## TASK DESCRIPTION
Nothing but the lines from the one containing "Woman wearing a" through the end of the entries below should appear in your answer, transcribed exactly; please drop the pictures.

## Dataset items
•••••
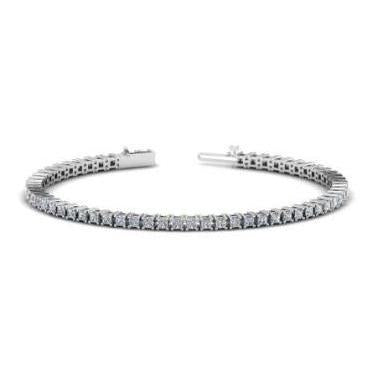 Prong Set 8.25 Carat Princess Genuine Diamonds Tennis Bracelet White Gold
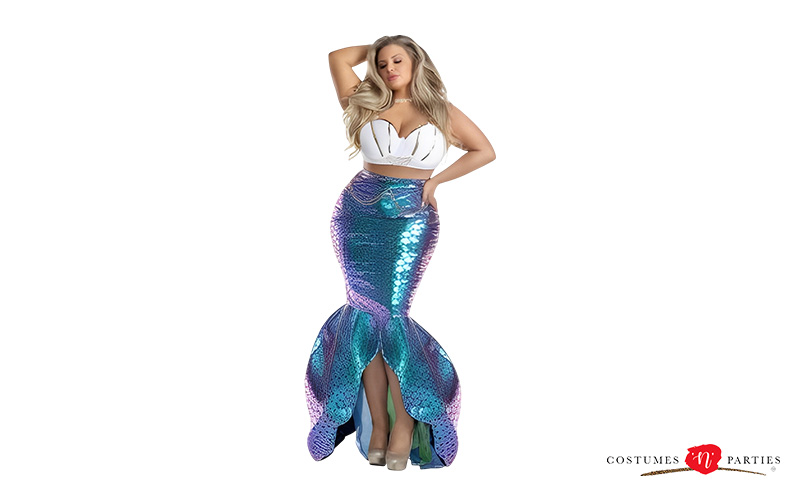 Woman wearing a mermaid costume with a sequin tail.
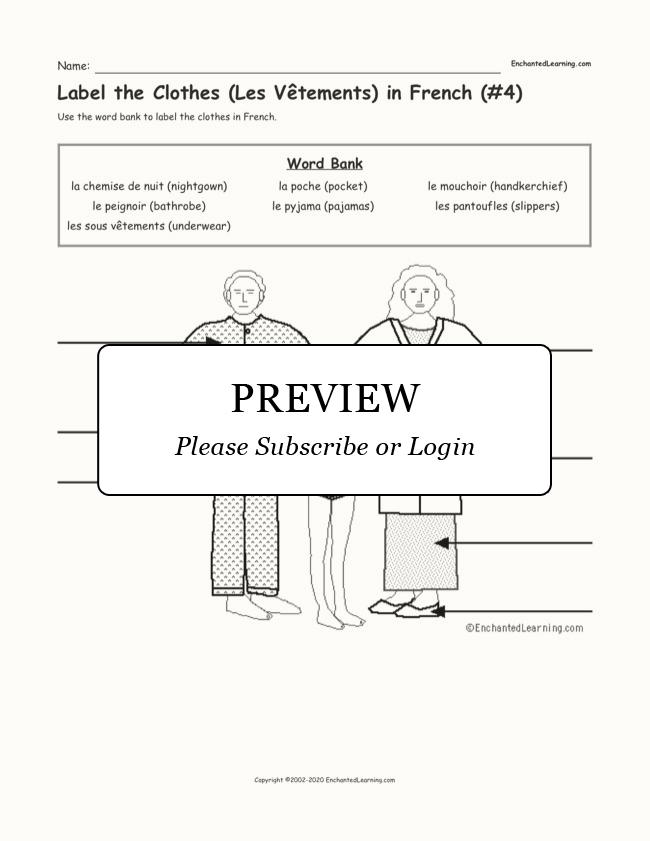 Label the Clothes (Les Vêtements) in French (4) Enchanted Learning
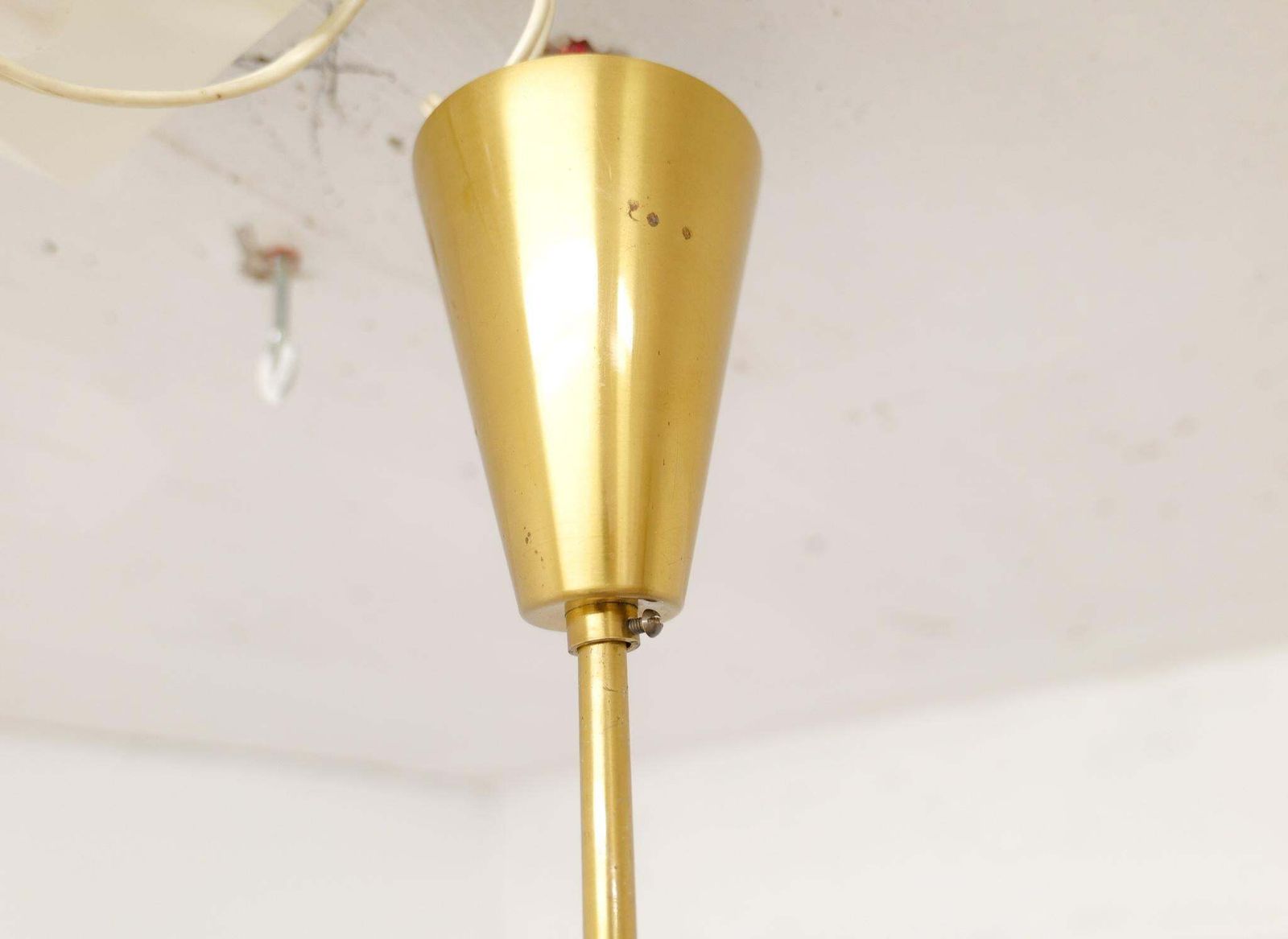 photo for sale Midcentury Hans Agne Jakobsson Brass And Opaline Ceiling Lamp, Sweden, 1950s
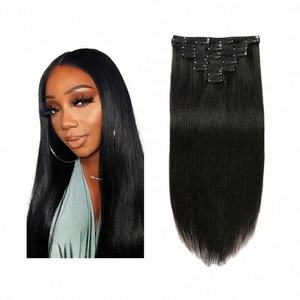 Extensions de cheveux naturels noirs/personnalisées européennes à clipser, lisses, double trame, cuticules alignées, 100% cheveux humains Remy, marque ISWEET - Product Image 1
•••••
## RESULT BELOW
 Woman wearing a mermaid costume with a sequin tail.
 Label the Clothes (Les Vêtements) in French (4) Enchanted Learning
 photo for sale Midcentury Hans Agne Jakobsson Brass And Opaline Ceiling Lamp, Sweden, 1950s
 Extensions de cheveux naturels noirs/personnalisées européennes à clipser, lisses, double trame, cuticules alignées, 100% cheveux humains Remy, marque ISWEET - Product Image 1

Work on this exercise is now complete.